We are using the preprocessed data from DLRM. All 40 columns(1 label + 39 features) are already numeric.
In the following parts, we assume that the data are mounted as docker volumn at /data/parquet
- Build the docker image
nvidia-docker build -f Dockerfile -t nvspark/tf-hvd-train:0.1 .
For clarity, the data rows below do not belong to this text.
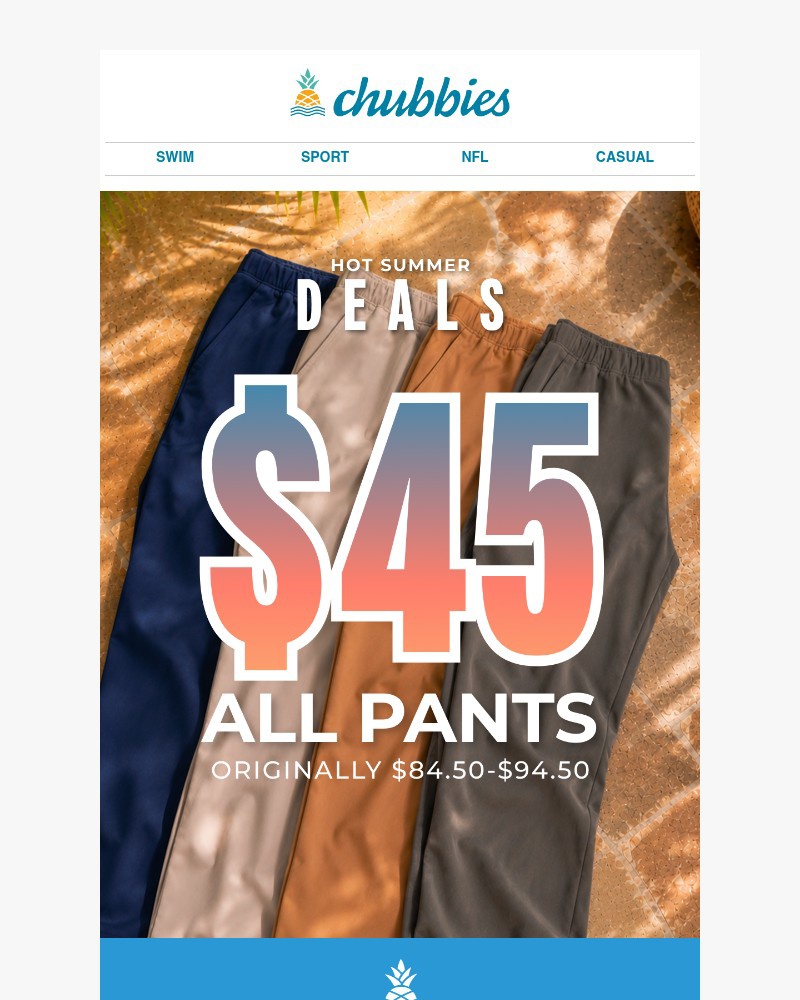 Screenshot of email with subject /media/emails/its-a-45-pants-party-2197cb-cropped-12222edc.jpg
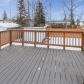 810 W 57th Avenue, Anchorage, AK 99518 ID:13849932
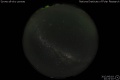 2012/6/19 22:22’10”
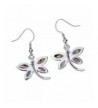 Fashion Earrings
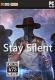 stay silent下载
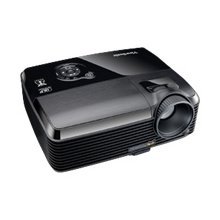 ViewSonic PJD6531W WXGA (1280 x 800) WXGA (1280 x 800) DLP projector DLP projector - 3200 ANSI lumens 3200 ANSI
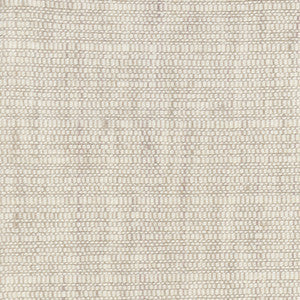 Carole Fabric Lamar Oatmeal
- Enter into it (also mount necessary dataset volume and devices)
nvidia-docker run \
--network host \
--device /dev/infiniband \
--privileged \
-v /raid/spark-team/criteo/parquet:/data/parquet \
-it nvspark/tf-hvd-train:0.1 bash
- when you are inside the container
cd /workspace
# start standalone Spark
./start-spark.sh
# start training
./submit.sh
We also provide a Notebook demo for quick test, user can set it up by the following command:
SPARK_HOME= $PATH_TO_SPARK_HOME
SPARK_URL=spark://$SPARK_MASTER_IP:7077
export PYSPARK_DRIVER_PYTHON=jupyter
export PYSPARK_DRIVER_PYTHON_OPTS='notebook'
$SPARK_HOME/bin/pyspark --master $SPARK_URL --deploy-mode client \
--driver-memory 20G \
--executor-memory 50G \
--executor-cores 6 \
--conf spark.cores.max=96 \
--conf spark.task.cpus=6 \
--conf spark.locality.wait=0 \
--conf spark.yarn.maxAppAttempts=1 \
--conf spark.sql.shuffle.partitions=4 \
--conf spark.sql.files.maxPartitionBytes=1024m \
--conf spark.sql.warehouse.dir=$OUT \
--conf spark.task.resource.gpu.amount=0.08 \
--conf spark.executor.resource.gpu.amount=1 \
--conf spark.executor.resource.gpu.discoveryScript=./getGpusResources.sh \
--files $SPARK_HOME/examples/src/main/scripts/getGpusResources.sh
If you want to try in a node with only 1 GPU, please modify the GPU number per worker in $SPARK_HOME/conf/spark-env.sh
before you launch spark workers becasue the docker image is targeted for DGX-2 with 16 GPUs
Dockerfile
: consistent environment, main components are build from source directly. But this file take a while to build an image.
spark-env.sh
: Spark config changes, we set 16 GPU for a work for DGX-2 box. It is in SPARK_HOME/conf/
start-spark.sh
: launch Spark in standalone mode. In a DGX-2 box, it will launch Spark Master and a Spark Worker which contains 16 GPUs
submit.sh
: commands used to submit the job
criteo_keras.py
: Python script to train the Criteo model. Please run python criteo_keras.py --help
to see parameter details
/workspace/
Some extra packages are required to run the example, we provide a Dockerfile Dockerfile.conda_db to use Customize containers with Databricks Container Services in Databricks cloud environment.
To use it:
- build the docker image locally
- push the image to a DB supported Docker hub.
- set the image url in DB cluster setup page.